» What is expected: There are pictures in the records below; leave them out and set down exactly the lines from the one holding "625 S Reed Road Avon Park FL 33825" through the one holding "macro picture of dragonfly insect at nature".

» Material to process:
|---|
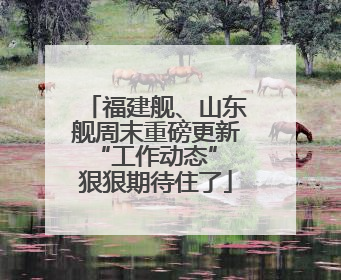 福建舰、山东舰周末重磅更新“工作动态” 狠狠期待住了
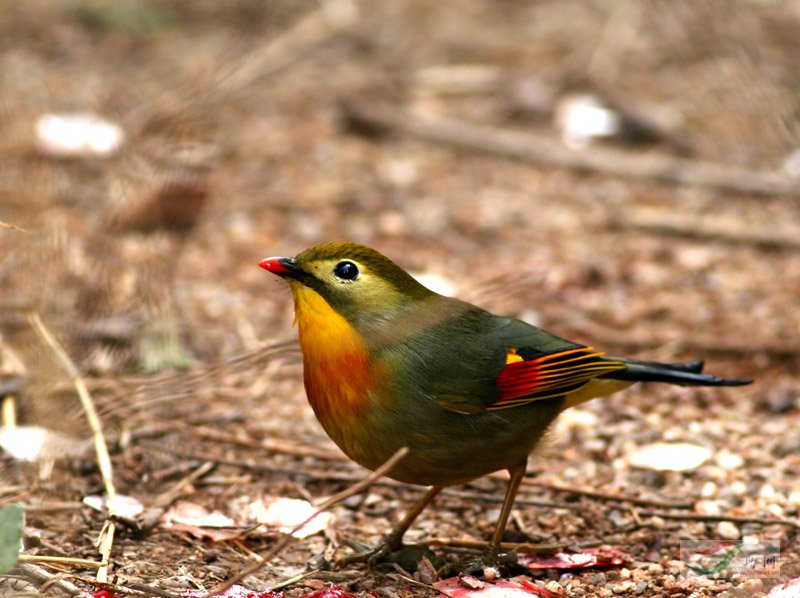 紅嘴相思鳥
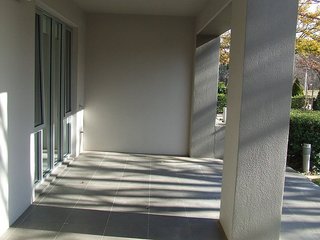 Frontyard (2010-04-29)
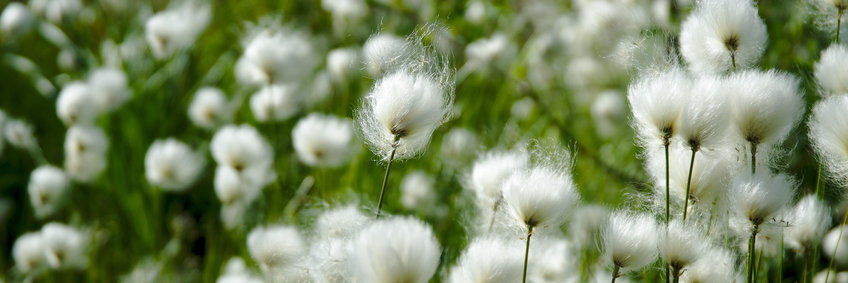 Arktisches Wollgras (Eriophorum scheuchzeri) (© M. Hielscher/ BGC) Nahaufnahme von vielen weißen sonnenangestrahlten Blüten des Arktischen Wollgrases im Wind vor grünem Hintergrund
|---|
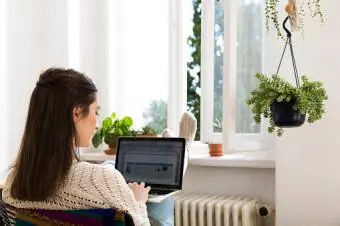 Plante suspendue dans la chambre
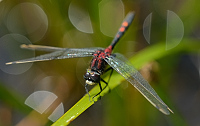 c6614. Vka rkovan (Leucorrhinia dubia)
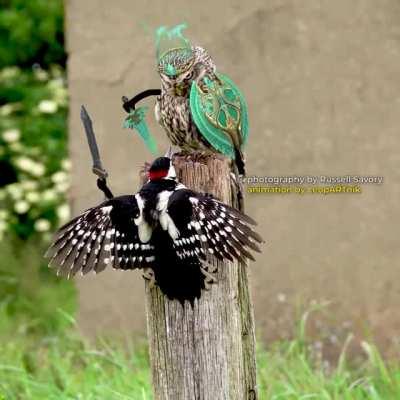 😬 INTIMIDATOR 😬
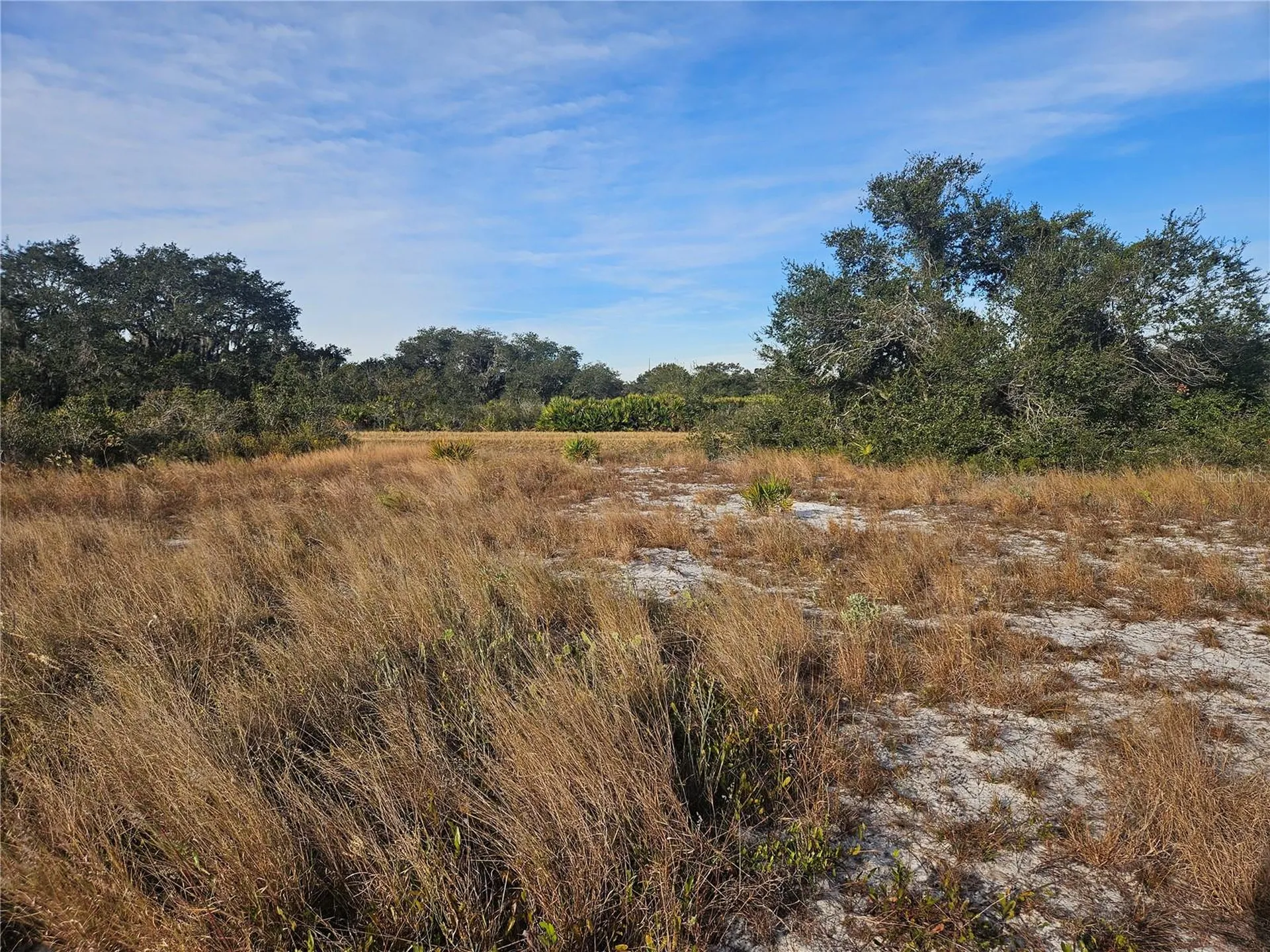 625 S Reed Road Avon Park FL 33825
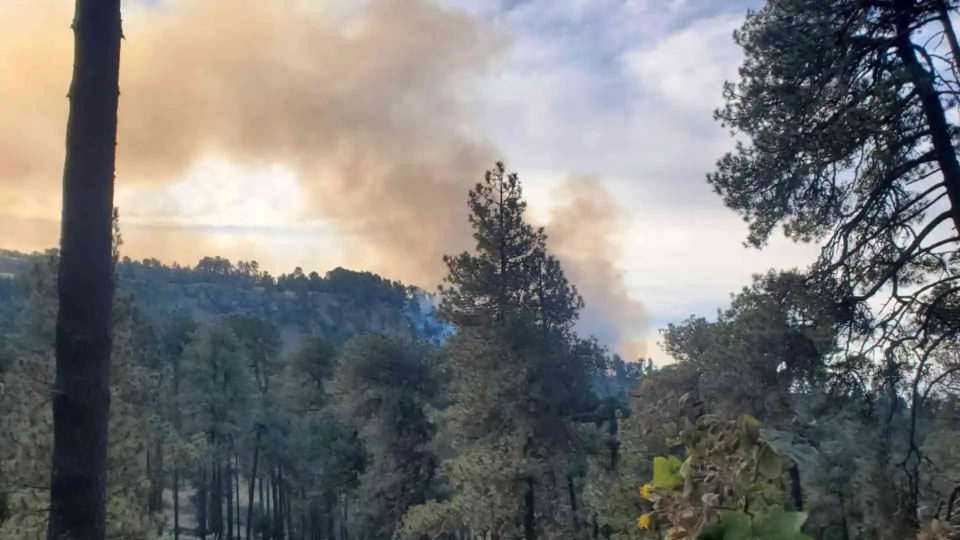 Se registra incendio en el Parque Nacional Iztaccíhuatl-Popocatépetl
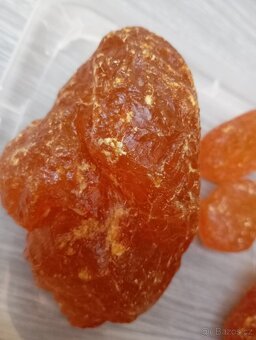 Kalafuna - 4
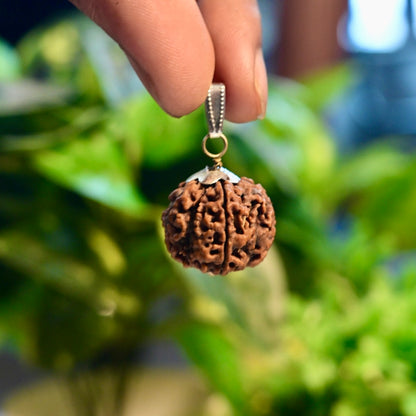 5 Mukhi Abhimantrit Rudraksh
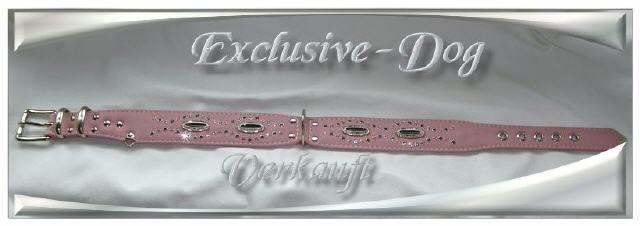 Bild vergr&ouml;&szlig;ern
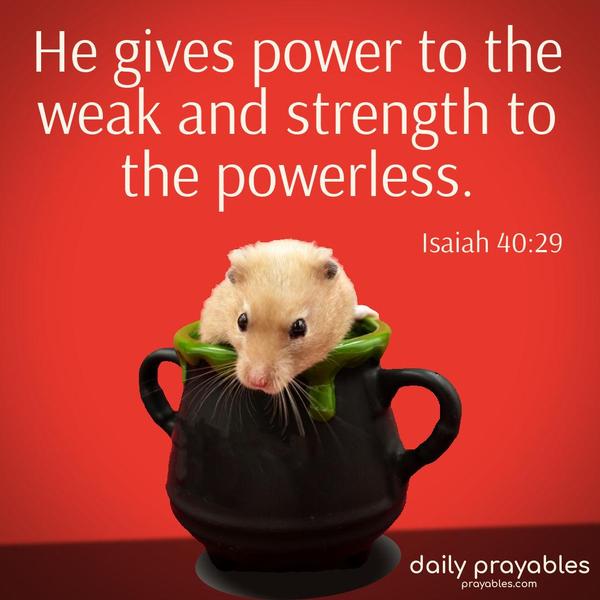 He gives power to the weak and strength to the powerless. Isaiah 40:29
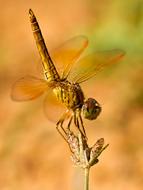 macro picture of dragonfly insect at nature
|---|
» Exercise response:
 625 S Reed Road Avon Park FL 33825
 Se registra incendio en el Parque Nacional Iztaccíhuatl-Popocatépetl
 Kalafuna - 4
 5 Mukhi Abhimantrit Rudraksh
 Bild vergr&ouml;&szlig;ern
 He gives power to the weak and strength to the powerless. Isaiah 40:29
 macro picture of dragonfly insect at nature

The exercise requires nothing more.